NYU President John Sexton has written a book Baseball as a Road to God, based on a course he gives with the same title. He gave an NPR interview about his book on the Leonard Lopate Show.
To listen to it, visit
http://www.wnyc.org/shows/lopate/2013/mar/13/nyu-president-baseball-road-god/
Click on the (lower) "Listen", just above the photo of Busch Stadium.
Three things stood out for me:
1. You're born into a team, like a religion: "We're bequeathed our team." This was my experience, although in an unusual way. When I was 4 or going on 4, my oldest brother had me point at a list of teams in a newspaper, and, seeing which team I'd pointed at, declared that I was a Cincinnati Redlegs fan. And that was that. This is one of my earliest memories, I wasn't sure that it really happened until he confirmed it a few years ago.
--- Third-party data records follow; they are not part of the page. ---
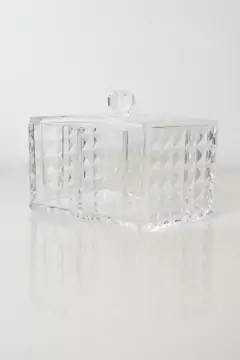 ORGANIZADOR "SUMMER" DE ACRILICO CON DIVISION Y TAPA - comprar online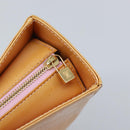LOUIS VUITTON Monogram Vernis Columbus Bag Marshmallow Pink M91032 Auth BAZ428-17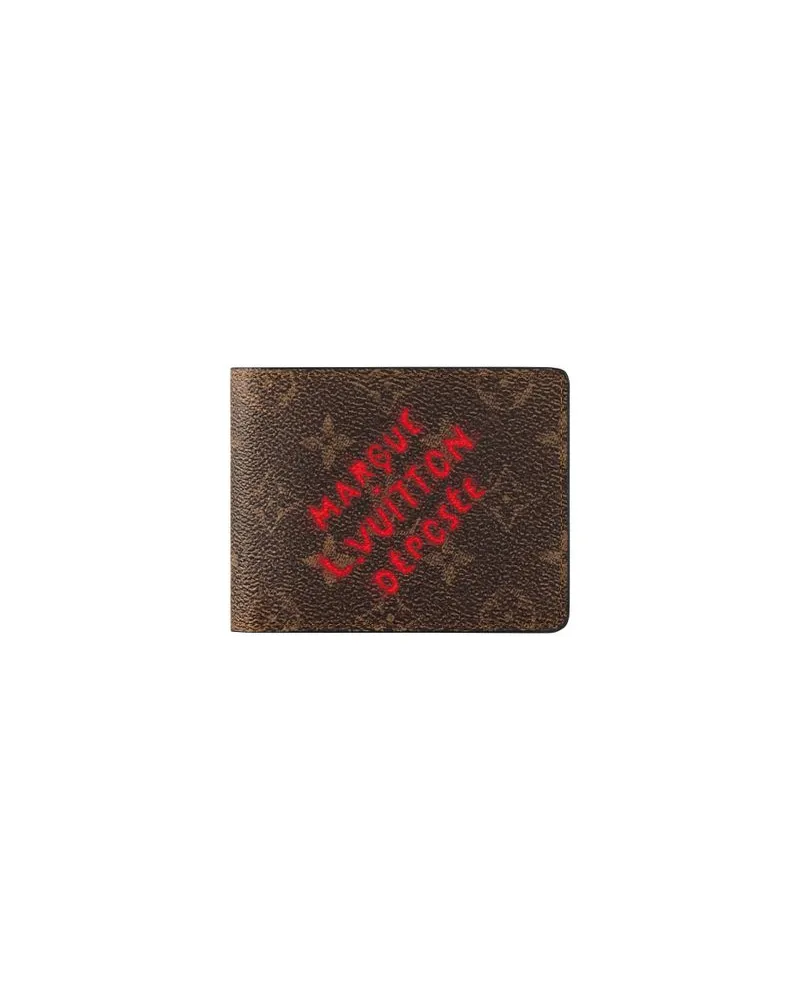 Louis Vuitton Multiple Geldbörse Brown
Sexton adds that this early choice of a team is more important than the early choice of a religion, because the choice of a team is more likely to stick. Certainly true in my case. On a related note, he says: "It gets you when you're young, in which case it sticks, or not at all."
2. His most interesting statement, about what Americans, in particular the citizens of Brooklyn, learned in 1958:
"If the Dodgers could be taken from Brooklyn, there's no institution we can trust."
Historians see the New York Giants leaving for San Francisco and the Brooklyn Dodgers leaving for Los Angeles - both in 1958 - as an indicator of a turning point in 20th century US history.
3. Toward the end they mention Bart Giamatti, whom I knew at Yale before he became the President of Yale. Later he became the Commissioner of Baseball. He has written beautiful essays on the spiritual side of baseball, which were collected into a book Green Fields of the Mind, which is required reading for the course.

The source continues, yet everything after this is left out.